AHRC observe the 75th Anniversary of Palestinian Nakba

By AmericaAmerican Human Rights Council (AHRC-USA)

The American Human Rights Council (AHRC-USA) joins the peace-loving people across the world in observing the 75th. anniversary of the Palestinian catastrophe/al Nakba that falls annually on May 15.

The Nakba is an ongoing process of dispossession that started before 1948. Al Nakba marks the ethnic cleansing of Palestine. Hundreds of thousands of Palestinians were expelled or forced to flee due to terrorism by Zionist gangs. They ended up in countries bordering Mandatory Palestine: Lebanon, Syria, Egypt, and Jordan. Others fled to central Palestine/West Bank and to Gaza.

The catastrophe continues. Gaza is a big prison, and its residents live under severe and challenging conditions due to the Israeli siege. The West Bank is broken into blocs where movement of Palestinians is hindered by the Israeli occupation that started in 1967. In addition to ongoing growth and expansion of illegal Jewish-only settlements, thousands of Palestinians who are held for long years in Israeli prisons including women, elderly, and children under inhumane conditions.

Israeli historian Benny Morris observed that the conflict ends when Palestinians realize they lost. Despite almost a hundred years of struggle, Palestinians are not ready to give up any time soon. They continue to believe in their just cause and the inherent human right to resist occupation. They have billions of people around the world who support them.

AHRC affirms that the world must recognize human suffering for what it is. Human suffering, regardless of the demographic background of the suffering human being.

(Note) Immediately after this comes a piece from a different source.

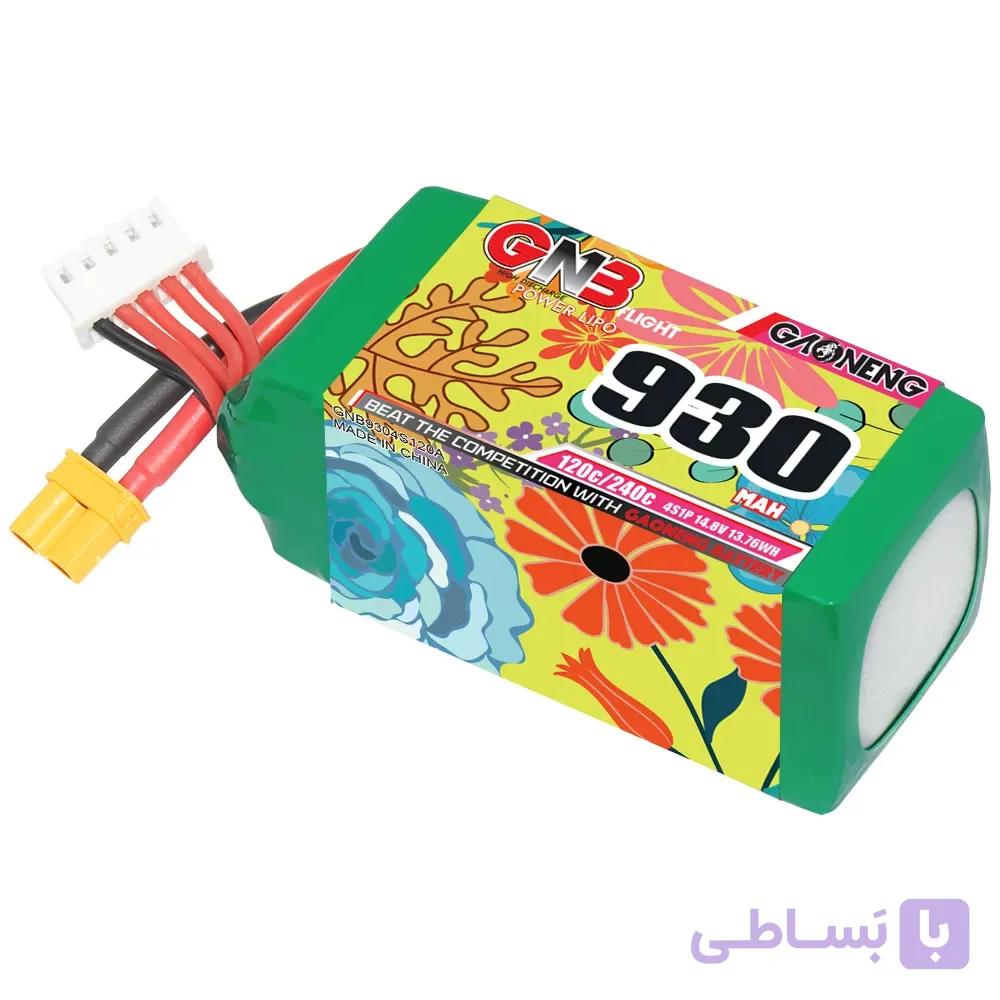 باتری GNB لیپو ۴ سل ۹۳۰ میلی آمپر | اف پی وی | GAONENG GNB 4S 14.8V 930mAh 120C XT30 LiPo Battery — تصویر 1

“Peace will become a reality when the world confronts Israel with the binary choice of one state for all its citizens or an Israel along with a Palestinian state in the West Bank and Gaza with Jerusalem as its capital,” said Imad Hamad. “The reality in Palestine today is a de facto Jewish state all over Mandatory Palestine with the Indigenous Palestinians facing a spectrum of abuse, persecution and oppression,” added Hamad. “No believer in human rights and international law should allow this grave injustice to continue,” concluded Hamad.